Please repeat each line below exactly, with no images in the copy.

##### Dataset extract

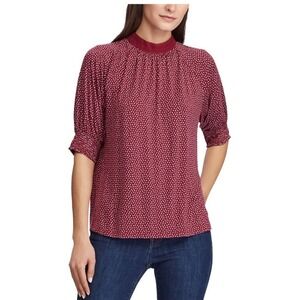 Lauren Ralph Lauren Women's Merlot Red Stretch Short Sleeve Top Size L Relaxed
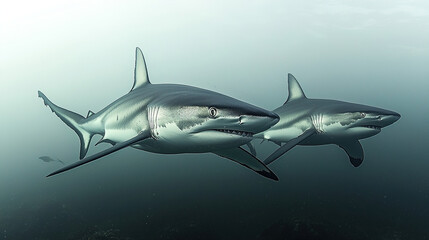 Two sharks swimming gracefully underwater in a serene ocean environment during daylight hours. Generative AI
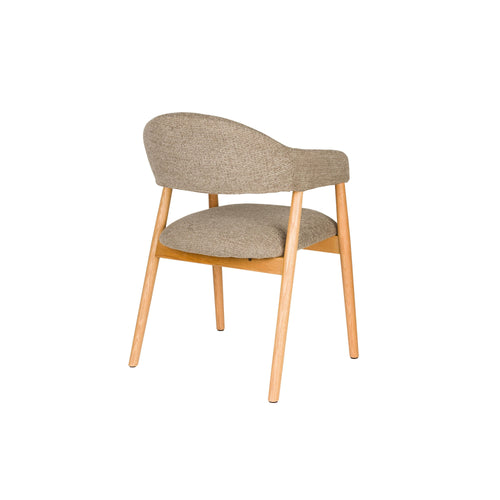 Housecraft Living Indy Eetkamerstoelen Armleuning Donkerbruin/ Beige - Set van 2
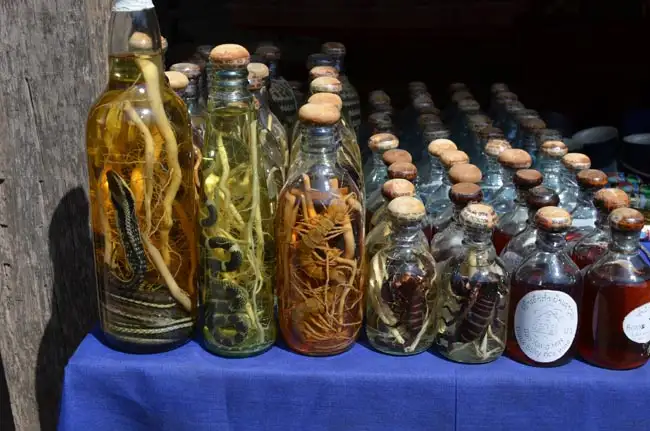 Laos rice whiskey bottles filled with animal, a.k.a. Lao-lao / Sticky Rice Moonshine | Location: Luang Prabang,  Laos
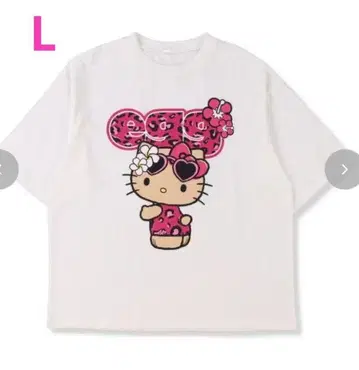 헬로 키티 egg 콜라보 티셔츠 화이트 핑 라메 L 일광화상 키티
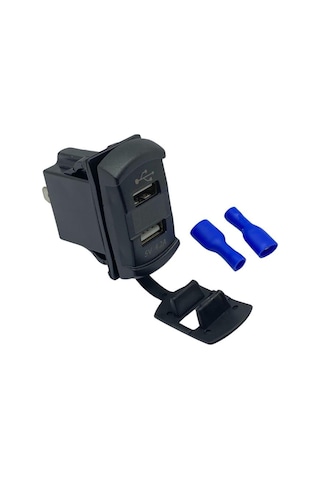 12v-24v Dijital Voltmetre+şarj Cihazlı Usb X 2 4.2a Anahtar Tipi Mavi Işık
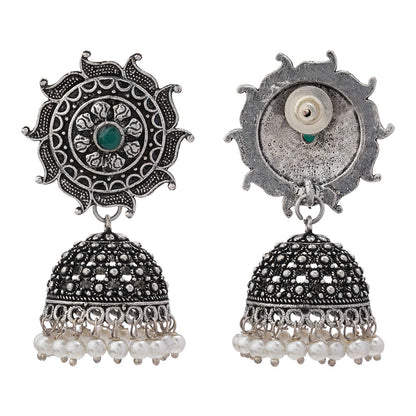 Sooraj radiance pearl jhumki earring (Green)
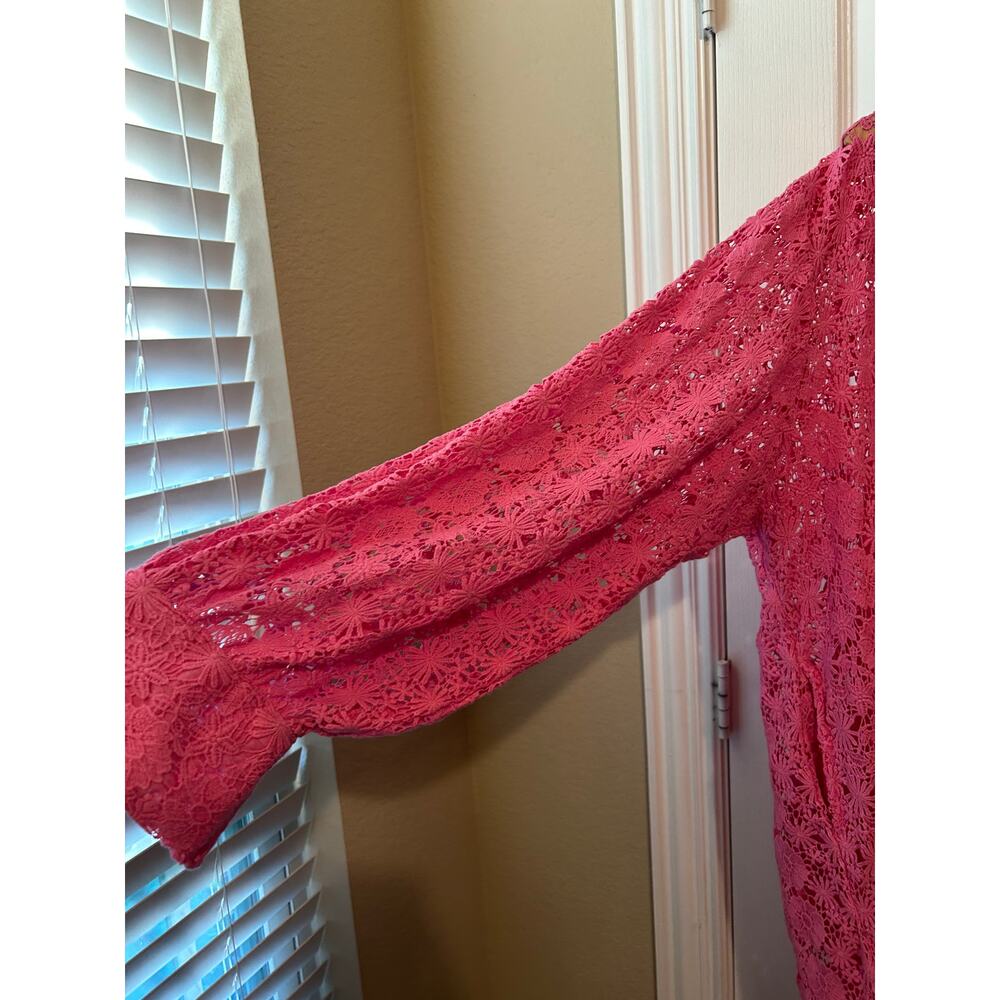 Mille XL High Low Cover Up Hot Pink Lacy Cotton - Picture 3 of 7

##########

— Completed task —
 Lauren Ralph Lauren Women's Merlot Red Stretch Short Sleeve Top Size L Relaxed
 Two sharks swimming gracefully underwater in a serene ocean environment during daylight hours. Generative AI
 Housecraft Living Indy Eetkamerstoelen Armleuning Donkerbruin/ Beige - Set van 2
 Laos rice whiskey bottles filled with animal, a.k.a. Lao-lao / Sticky Rice Moonshine | Location: Luang Prabang,  Laos
 헬로 키티 egg 콜라보 티셔츠 화이트 핑 라메 L 일광화상 키티
 12v-24v Dijital Voltmetre+şarj Cihazlı Usb X 2 4.2a Anahtar Tipi Mavi Işık
 Sooraj radiance pearl jhumki earring (Green)
 Mille XL High Low Cover Up Hot Pink Lacy Cotton - Picture 3 of 7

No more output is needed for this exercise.